-- ASSIGNED TASK --
Restate the full listing word for word; images stay out of it.

-- TASK INPUTS --

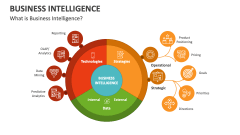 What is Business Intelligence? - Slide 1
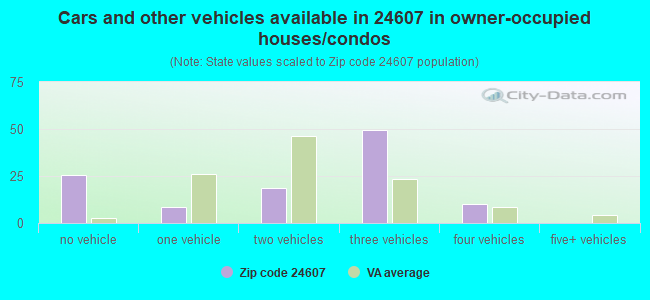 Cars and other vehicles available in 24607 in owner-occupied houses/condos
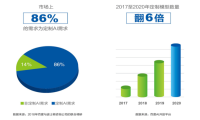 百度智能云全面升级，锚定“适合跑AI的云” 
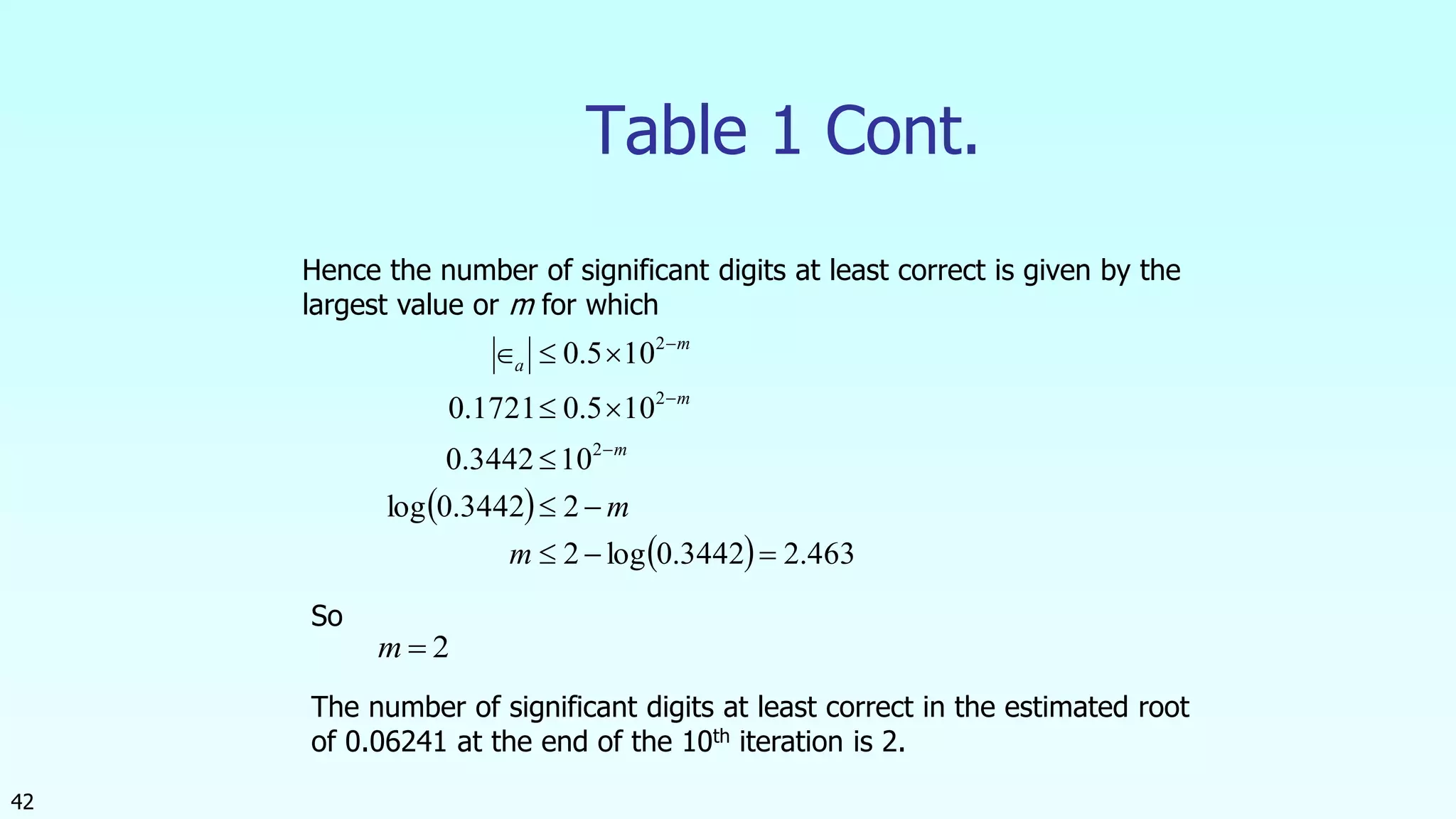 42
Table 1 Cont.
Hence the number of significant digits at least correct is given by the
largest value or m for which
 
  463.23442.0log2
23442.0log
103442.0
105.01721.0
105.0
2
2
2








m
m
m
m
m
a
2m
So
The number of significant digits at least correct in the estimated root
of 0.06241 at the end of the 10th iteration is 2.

-- SOLVED PROBLEM --
 What is Business Intelligence? - Slide 1
 Cars and other vehicles available in 24607 in owner-occupied houses/condos
 百度智能云全面升级，锚定“适合跑AI的云” 
 42
Table 1 Cont.
Hence the number of significant digits at least correct is given by the
largest value or m for which
 
  463.23442.0log2
23442.0log
103442.0
105.01721.0
105.0
2
2
2








m
m
m
m
m
a
2m
So
The number of significant digits at least correct in the estimated root
of 0.06241 at the end of the 10th iteration is 2.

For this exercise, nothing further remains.